インダストリオール執行委員会、労働者の権利を促進

2019-05-29

5月21~22日にブリュッセルで開かれたインダストリオール執行委員会の主要なテーマは、グローバルな連帯だった。労働者の権利が攻撃される中、労働組合は組織化して力を強化している。

「1人に対する攻撃は全員に対する攻撃だ」とイェルク・ホフマン・インダストリオール会長は開会の辞で述べた。
「できるだけ多くの人々がグローバルな連帯の利益を得るようにする必要がある。グローバルな連帯は、グローバル資本に対して効果を発揮し得ることが分かっている」

組合幹部たちは2日間の会合で、ブラジルやアルジェリア、あるいはシントラカルボンのイゴール・ディアスが殺害の脅迫を受けているコロンビアのように、体制側が敵対者や市民、組合を攻撃している世界にあって、前途に横たわる課題へのグローバルな対応について議論した。

代議員はカナダのUSWメタロスの証言を聞いた。ケベック州トロアリビエールで同労組の組合員1,000人が、アルコアが交渉を拒否したあと17カ月近く同社工場でロックアウトされている

米テネシー州チャタヌーガのフォルクスワーゲン労働者は今なお組合加入権を与えられておらず、これを受けてインダストリオールは初めてグローバル枠組み協定(GFA)を停止した。

グローバル資本への対抗は、労働者の権利促進における戦略目標であり鍵である。インダストリオールと多国籍企業が締結した46本のGFAは、グローバル・レベルで労使関係を発展させる重要な手段である。例えばソルベイとのGFAが、インドの同社事業でボーナスに関する問題を解決した経緯を見れば分かる。

現在、仕事の未来に関する協定をめぐって、ある大手多国籍自動車会社との交渉が続いている。これは仕事の世界における非常に大きな転換に対応し、公正な移行を議題に盛り込むチャンスである。

ILO仕事の未来世界委員会は、前例のない変革期にあって、すべての人のためにより良い仕事の未来を達成する方法を調べている。参加者は経験を共有し、すべての国々の技術進歩レベルが同じというわけではないため、グローバル・レベルの労働運動戦略の必要性について議論した。

執行委員会は経験を交換することの必要性を認識し、活動の継続を承認するとともに、次の意向を表明した。

  • 加盟組織にILO報告書のフォローアップを奨励
  • 多国間機関に働きかけ、現場のインダストリオール組合員のために行動や決定に影響を与えることを約束
  • インダストリー4.0をめぐる転換を扱う企業に、契約に基づく約束を要求することを約束
  • 地域・国家レベル会合や部門別会議、ネットワーク会議で、意識向上と能力強化に取り組み続けることを約束

労働者のための実施に焦点を合わせたインダストリオールの「公正な移行への労働組合ガイド」が、議論の基礎となった。その結果、情報を交換して公正な移行に関する政策立案への期待に応え、労働者が産業の未来に関して発言権を持てるようにすることを約束した。

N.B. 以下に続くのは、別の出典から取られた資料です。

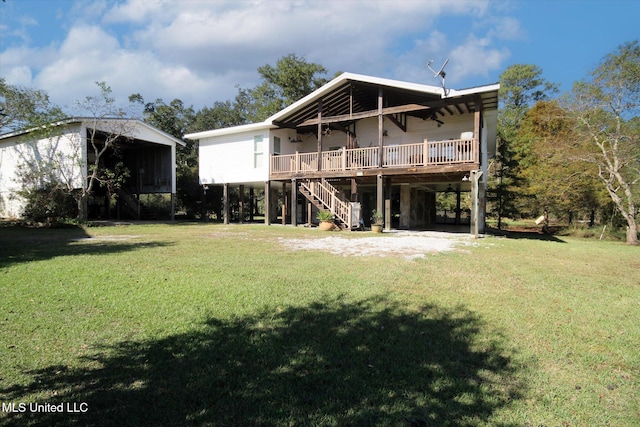 back of property featuring a carport, a yard, and a wooden deck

組合構築は、組織化を促進して組合の力を強化しようとするインダストリオールの努力の不可欠な要素である。2018年には768回の能力強化活動が行われ、実に2万3,000人が参加した。

  • 組合構築プロジェクトは、フィリピンの出産休暇延長のような画期的勝利を達成した。
  • ケニアでは、135の安全衛生委員会が設置されており、600を超える工場で労働者を訓練した。
  • 香港条約の批准拡大に関する活動が進んでおり、最近トルコが加盟した。現在、調印国は9カ国である。

執行委員会は6組合の新規加盟を承認し、新規組合員が22万4,000人増加、戦闘力を高めるとともに、私たちが団結によってさらに強くなっていることを証明した。

インダストリオール女性委員会は今年11月に女性大会を計画している。執行委員会は、ジェンダーに基づく暴力に関するILO条約への支持を改めて表明した。インダストリオールは他のグローバル・ユニオンとともに、この条約を求めて闘っている。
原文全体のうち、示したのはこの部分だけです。